Brief descriptive captions
======

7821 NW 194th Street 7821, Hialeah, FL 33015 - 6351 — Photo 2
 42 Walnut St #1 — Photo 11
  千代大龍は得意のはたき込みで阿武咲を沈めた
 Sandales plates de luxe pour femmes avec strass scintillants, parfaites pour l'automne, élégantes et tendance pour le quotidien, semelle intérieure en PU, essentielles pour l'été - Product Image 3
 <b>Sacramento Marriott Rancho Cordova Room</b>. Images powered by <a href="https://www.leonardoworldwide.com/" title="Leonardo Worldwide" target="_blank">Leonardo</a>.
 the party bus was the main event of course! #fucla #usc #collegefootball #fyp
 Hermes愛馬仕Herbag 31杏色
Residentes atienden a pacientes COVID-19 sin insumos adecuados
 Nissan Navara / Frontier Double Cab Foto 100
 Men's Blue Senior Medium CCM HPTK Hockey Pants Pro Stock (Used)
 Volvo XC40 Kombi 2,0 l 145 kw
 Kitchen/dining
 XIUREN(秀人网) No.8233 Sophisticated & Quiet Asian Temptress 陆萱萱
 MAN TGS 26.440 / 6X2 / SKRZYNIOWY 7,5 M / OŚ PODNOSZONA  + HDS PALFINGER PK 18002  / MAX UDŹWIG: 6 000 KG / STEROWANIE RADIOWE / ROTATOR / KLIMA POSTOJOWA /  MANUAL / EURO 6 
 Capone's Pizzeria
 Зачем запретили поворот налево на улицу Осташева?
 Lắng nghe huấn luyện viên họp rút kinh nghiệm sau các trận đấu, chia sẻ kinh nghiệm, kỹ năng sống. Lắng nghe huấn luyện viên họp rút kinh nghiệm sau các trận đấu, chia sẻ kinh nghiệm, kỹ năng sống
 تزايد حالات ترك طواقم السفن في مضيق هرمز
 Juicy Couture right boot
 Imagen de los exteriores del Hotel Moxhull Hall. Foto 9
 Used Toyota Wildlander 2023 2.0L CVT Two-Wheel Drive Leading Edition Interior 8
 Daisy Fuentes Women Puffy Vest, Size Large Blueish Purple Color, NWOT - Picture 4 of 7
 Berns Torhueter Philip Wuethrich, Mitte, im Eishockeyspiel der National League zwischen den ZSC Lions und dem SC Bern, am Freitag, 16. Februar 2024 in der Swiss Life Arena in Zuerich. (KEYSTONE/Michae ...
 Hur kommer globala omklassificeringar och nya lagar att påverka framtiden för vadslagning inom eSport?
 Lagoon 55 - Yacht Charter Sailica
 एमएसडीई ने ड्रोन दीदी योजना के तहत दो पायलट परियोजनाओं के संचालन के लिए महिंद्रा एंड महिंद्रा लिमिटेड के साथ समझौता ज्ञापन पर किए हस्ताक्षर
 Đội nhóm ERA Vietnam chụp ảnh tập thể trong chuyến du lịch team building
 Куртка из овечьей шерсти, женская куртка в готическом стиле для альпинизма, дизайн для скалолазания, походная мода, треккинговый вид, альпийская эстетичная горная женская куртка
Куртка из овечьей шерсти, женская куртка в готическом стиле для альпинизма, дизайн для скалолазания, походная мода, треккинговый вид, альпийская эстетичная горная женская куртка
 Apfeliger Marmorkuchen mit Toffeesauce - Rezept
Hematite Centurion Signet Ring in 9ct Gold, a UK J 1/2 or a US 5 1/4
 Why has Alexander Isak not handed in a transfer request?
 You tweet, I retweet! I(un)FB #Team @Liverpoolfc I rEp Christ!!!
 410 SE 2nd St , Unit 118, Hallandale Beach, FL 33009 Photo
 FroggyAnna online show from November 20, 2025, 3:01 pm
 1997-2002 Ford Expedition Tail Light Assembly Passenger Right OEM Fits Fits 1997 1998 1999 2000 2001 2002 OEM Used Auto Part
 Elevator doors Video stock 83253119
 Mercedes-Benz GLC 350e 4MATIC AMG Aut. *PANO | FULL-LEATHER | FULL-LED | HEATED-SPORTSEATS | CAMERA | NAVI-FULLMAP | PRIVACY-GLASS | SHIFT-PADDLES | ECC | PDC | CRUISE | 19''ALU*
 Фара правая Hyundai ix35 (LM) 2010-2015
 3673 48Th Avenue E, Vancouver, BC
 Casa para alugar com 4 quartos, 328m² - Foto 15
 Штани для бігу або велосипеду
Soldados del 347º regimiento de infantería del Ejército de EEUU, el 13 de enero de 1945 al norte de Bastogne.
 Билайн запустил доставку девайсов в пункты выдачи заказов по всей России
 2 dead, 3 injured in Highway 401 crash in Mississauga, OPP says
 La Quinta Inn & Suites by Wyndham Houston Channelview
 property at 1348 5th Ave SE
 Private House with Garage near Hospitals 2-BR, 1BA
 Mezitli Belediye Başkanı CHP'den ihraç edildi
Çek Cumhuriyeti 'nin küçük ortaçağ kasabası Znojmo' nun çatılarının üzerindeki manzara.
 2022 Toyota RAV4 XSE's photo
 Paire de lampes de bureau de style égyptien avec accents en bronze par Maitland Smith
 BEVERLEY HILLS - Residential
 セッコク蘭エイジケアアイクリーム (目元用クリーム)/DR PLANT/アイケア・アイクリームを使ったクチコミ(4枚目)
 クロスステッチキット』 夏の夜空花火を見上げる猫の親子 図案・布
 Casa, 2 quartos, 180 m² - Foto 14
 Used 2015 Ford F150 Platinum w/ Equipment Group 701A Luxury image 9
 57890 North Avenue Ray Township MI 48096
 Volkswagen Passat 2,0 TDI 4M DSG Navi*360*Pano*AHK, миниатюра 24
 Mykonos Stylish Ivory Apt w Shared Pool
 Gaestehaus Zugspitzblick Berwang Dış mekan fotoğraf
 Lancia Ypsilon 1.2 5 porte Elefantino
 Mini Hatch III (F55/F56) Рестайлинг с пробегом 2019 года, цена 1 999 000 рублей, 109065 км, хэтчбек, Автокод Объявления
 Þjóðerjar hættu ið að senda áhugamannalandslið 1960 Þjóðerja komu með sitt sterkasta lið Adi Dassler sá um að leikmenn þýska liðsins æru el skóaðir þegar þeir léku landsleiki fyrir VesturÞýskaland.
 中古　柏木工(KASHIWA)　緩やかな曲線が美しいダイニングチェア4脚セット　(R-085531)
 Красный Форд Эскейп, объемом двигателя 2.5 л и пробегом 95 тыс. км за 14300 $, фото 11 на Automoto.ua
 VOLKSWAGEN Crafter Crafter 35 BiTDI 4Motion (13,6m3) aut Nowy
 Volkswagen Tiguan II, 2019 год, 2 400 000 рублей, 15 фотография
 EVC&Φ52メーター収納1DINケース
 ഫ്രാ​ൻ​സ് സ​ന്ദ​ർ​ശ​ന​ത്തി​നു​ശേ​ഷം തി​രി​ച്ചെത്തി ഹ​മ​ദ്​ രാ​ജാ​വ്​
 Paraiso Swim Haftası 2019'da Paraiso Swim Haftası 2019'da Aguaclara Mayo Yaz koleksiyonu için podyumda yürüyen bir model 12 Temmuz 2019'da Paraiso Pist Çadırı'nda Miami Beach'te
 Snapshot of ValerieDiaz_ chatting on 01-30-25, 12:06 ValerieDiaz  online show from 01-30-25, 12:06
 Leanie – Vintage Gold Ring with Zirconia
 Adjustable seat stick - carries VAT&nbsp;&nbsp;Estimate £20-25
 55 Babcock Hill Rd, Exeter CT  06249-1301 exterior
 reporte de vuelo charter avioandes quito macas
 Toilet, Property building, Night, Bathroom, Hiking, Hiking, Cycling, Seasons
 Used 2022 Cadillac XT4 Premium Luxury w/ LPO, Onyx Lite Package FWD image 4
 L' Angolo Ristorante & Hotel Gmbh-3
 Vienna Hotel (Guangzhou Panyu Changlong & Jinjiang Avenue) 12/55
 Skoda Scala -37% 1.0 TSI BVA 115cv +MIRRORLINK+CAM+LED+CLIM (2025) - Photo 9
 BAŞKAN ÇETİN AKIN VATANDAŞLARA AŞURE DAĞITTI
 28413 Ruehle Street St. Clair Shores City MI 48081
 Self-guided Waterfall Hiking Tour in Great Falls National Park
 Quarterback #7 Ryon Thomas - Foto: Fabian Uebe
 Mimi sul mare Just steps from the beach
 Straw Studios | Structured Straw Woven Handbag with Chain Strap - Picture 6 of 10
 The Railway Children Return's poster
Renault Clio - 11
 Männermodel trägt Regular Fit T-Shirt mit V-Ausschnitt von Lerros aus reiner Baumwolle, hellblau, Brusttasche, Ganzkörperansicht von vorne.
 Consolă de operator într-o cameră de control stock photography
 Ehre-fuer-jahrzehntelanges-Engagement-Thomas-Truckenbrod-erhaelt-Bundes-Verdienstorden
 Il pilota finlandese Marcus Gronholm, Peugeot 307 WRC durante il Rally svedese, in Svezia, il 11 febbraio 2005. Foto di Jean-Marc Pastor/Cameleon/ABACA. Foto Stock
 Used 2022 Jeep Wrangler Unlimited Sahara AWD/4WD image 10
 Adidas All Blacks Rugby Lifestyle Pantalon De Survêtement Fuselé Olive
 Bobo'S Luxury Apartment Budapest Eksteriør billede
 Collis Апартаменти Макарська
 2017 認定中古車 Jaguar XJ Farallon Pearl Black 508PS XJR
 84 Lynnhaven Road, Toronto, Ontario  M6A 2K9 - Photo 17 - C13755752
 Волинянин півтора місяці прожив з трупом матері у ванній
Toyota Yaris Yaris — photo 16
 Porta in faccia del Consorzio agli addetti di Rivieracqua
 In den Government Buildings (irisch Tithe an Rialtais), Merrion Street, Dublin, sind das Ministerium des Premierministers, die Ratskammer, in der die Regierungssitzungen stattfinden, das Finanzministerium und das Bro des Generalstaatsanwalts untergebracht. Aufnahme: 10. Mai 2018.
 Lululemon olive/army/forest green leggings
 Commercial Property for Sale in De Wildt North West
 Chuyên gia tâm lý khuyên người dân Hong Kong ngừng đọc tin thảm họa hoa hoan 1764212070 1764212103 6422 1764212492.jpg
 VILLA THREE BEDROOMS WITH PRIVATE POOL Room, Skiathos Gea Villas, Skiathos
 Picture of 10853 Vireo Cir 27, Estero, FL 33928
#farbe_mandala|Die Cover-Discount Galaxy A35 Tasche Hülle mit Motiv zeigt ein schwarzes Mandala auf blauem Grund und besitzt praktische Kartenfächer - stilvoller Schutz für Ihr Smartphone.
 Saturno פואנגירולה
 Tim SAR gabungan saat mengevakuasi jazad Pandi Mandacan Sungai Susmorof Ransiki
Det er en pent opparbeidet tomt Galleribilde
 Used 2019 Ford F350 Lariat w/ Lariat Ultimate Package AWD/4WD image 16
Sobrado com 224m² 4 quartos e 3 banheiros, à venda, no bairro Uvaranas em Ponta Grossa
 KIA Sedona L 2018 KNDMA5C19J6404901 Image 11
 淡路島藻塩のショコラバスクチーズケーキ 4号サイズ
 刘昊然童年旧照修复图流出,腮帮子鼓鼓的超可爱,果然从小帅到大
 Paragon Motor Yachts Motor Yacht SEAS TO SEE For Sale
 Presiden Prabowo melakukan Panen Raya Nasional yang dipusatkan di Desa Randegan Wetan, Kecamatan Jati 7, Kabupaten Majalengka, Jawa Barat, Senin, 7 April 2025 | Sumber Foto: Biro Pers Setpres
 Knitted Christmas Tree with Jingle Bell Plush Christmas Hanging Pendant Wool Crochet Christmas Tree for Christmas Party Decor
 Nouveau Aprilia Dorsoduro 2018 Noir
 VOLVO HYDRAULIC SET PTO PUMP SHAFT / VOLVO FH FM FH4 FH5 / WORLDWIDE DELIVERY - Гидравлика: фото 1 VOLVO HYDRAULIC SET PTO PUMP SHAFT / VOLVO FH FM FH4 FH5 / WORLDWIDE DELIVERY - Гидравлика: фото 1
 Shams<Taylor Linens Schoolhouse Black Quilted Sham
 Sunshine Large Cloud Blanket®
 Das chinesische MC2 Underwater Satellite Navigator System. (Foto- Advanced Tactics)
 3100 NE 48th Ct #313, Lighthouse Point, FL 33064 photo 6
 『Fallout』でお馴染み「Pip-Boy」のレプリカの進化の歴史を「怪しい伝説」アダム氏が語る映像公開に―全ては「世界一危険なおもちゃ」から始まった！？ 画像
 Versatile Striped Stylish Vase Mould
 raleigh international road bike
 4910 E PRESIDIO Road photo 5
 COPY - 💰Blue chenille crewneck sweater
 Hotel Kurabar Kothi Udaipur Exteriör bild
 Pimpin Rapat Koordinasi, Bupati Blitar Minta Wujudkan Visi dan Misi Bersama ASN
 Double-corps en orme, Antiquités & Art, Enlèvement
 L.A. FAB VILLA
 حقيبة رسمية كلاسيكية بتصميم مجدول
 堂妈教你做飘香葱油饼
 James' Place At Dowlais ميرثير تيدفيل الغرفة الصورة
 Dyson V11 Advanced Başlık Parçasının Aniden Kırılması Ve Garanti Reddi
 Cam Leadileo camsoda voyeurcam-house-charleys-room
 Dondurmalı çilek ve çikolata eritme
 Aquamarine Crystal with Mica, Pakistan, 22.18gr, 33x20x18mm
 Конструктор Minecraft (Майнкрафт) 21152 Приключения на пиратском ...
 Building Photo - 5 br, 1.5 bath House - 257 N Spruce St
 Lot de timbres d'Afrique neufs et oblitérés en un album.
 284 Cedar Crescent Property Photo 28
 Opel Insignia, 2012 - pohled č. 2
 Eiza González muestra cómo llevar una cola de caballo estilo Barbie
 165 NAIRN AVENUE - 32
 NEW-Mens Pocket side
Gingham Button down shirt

======

● Description of the task
Give back precisely the lines above that start at the line containing "COPY - 💰Blue chenille crewneck sweater" and end at the line containing "Dondurmalı çilek ve çikolata eritme", inclusive. No other lines belong in the output.

● Solution to this problem
 COPY - 💰Blue chenille crewneck sweater
 Hotel Kurabar Kothi Udaipur Exteriör bild
 Pimpin Rapat Koordinasi, Bupati Blitar Minta Wujudkan Visi dan Misi Bersama ASN
 Double-corps en orme, Antiquités & Art, Enlèvement
 L.A. FAB VILLA
 حقيبة رسمية كلاسيكية بتصميم مجدول
 堂妈教你做飘香葱油饼
 James' Place At Dowlais ميرثير تيدفيل الغرفة الصورة
 Dyson V11 Advanced Başlık Parçasının Aniden Kırılması Ve Garanti Reddi
 Cam Leadileo camsoda voyeurcam-house-charleys-room
 Dondurmalı çilek ve çikolata eritme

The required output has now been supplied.